The new South Los Angeles Animal Care Center has been under construction for a few years now. Designed by West Hollywood architect Rania Alomar, the new facility is outfitted with a few green technologies and has been laid out to promote health and happiness for shelter workers, visitors and the animals living in the center.
The Los Angeles Times reports that the new, modern facility includes raised puppy kennels so that animals are easier to see and more likely to be adopted. In addition, raising the puppy kennels off the ground makes them significantly easier to clean because workers can avoid back strain.
To ensure optimal climate control in the shelter, the architect has incorporated the use of retractable roofs on the outdoor kennels, radiant floor heating and misters. According to The Weather Channel, the average temperature high in January is 68 degrees Fahrenheit and the average low is 48 Fahrenheit in Los Angeles. However, in the summer the average high temperature is 84 degrees Fahrenheit in August and the low is 64 degrees Fahrenheit. Humidity levels and cool nights can create an uncomfortable living situation for animals and humans alike if structures are not properly outfitted with the right temperature-control technology.

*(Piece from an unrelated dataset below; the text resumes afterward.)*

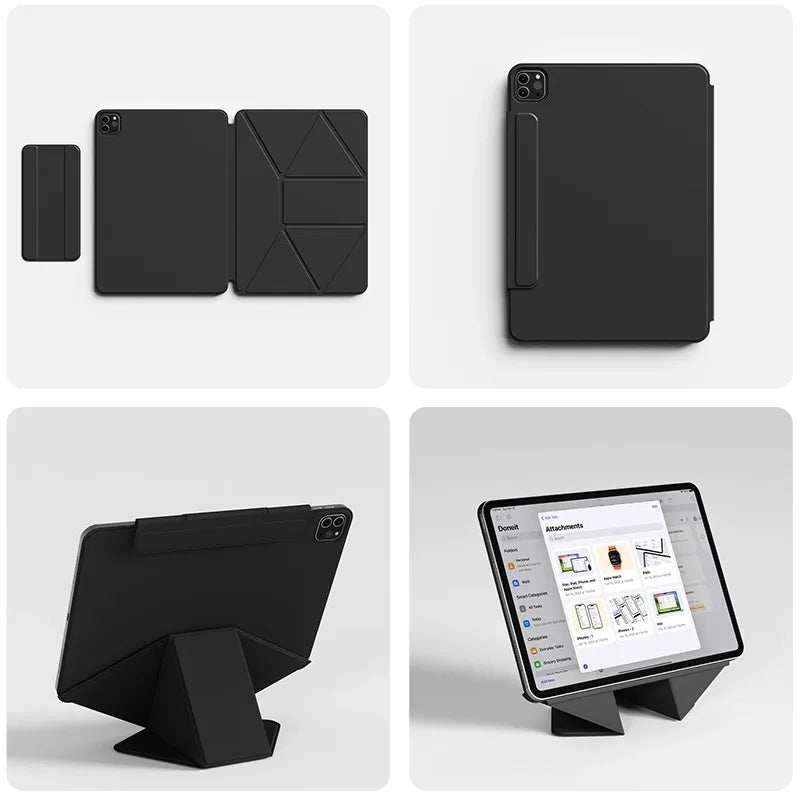 Étui iPad magnétique pliable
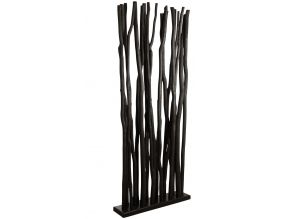 Socle avec 19 tiges de bois (Noir)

Radiant floor heating can keep the shelter at a comfortable warmth level for when the chill temperature permeates the air at night. However, unlike traditional heating sources, it won't transfer pet dirt and dandruff around the facility - allowing the shelter to remain a cleaner and healthier space longer. The modern heating technology will help keep everyone healthier at the facility by allowing common allergens to be swept up during cleaning procedures.